Repeat nothing but the line that contains "Nicer Interior Ribbed" and the lines after it, through the end of the listing, exactly as they stand; omit pictures.

## SOURCE DATA:
┌──

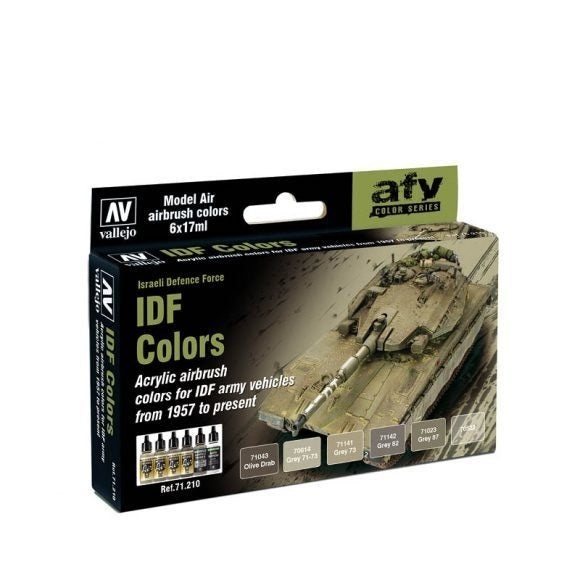 Vallejo AV71210 Model Air Idf Colors  6 Colour Set - Hobby City NZ (8938319577325)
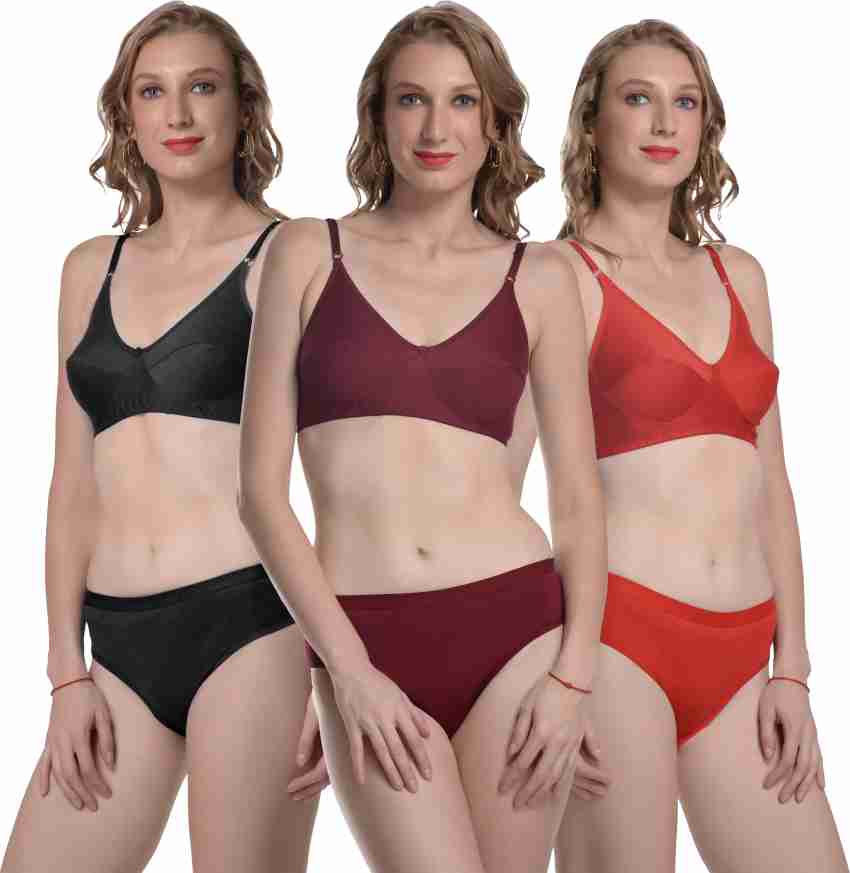 Buy Zivosis Women Multicolor Solid Cotton Blend Set Of 3 Bra And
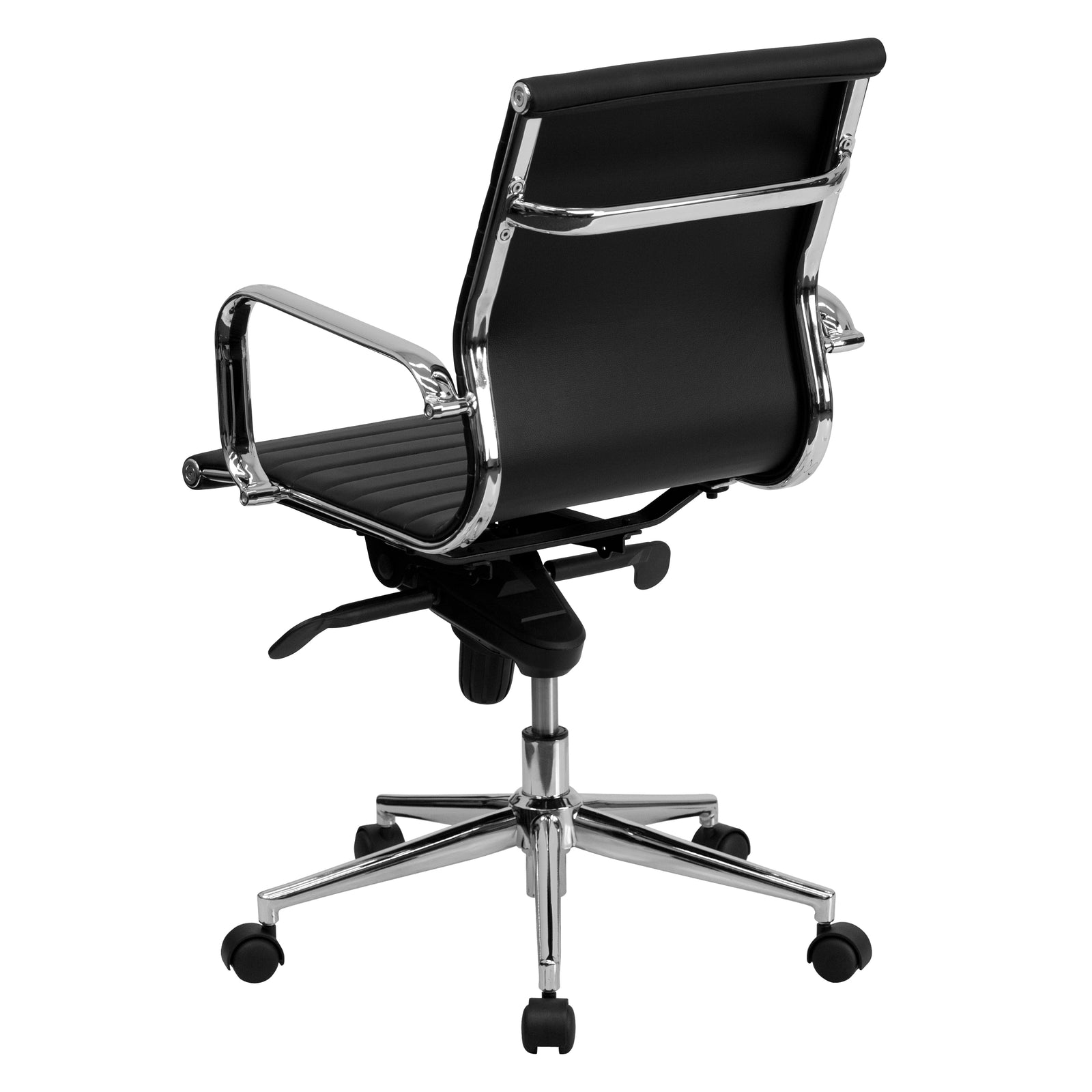 Nicer Interior Ribbed Group Style Low Back Desk Chair Black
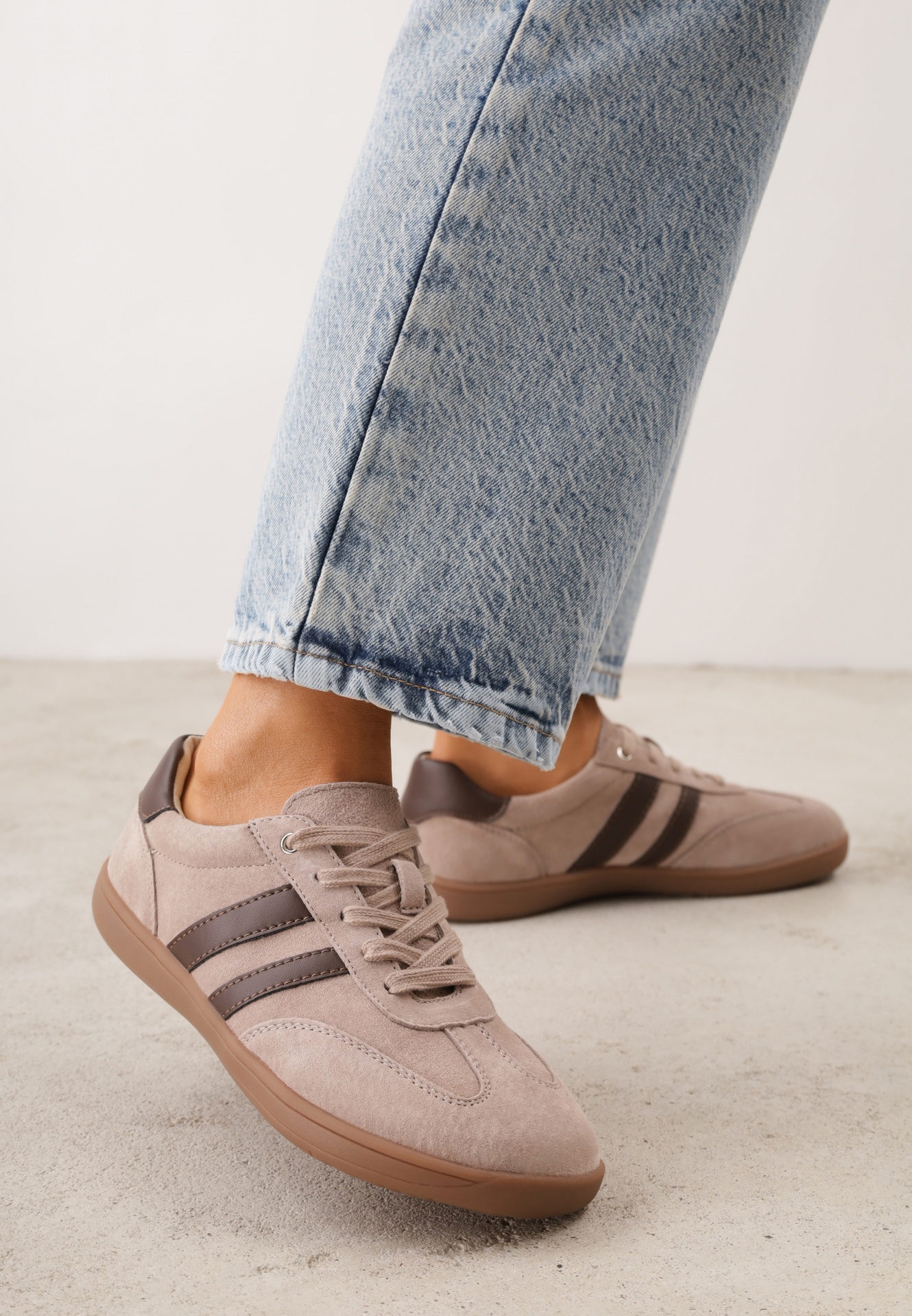Sneakers barefoot tip teniși din piele naturală Zesso Bej închis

└──

## TASK RESULT:
 Nicer Interior Ribbed Group Style Low Back Desk Chair Black
Sneakers barefoot tip teniși din piele naturală Zesso Bej închis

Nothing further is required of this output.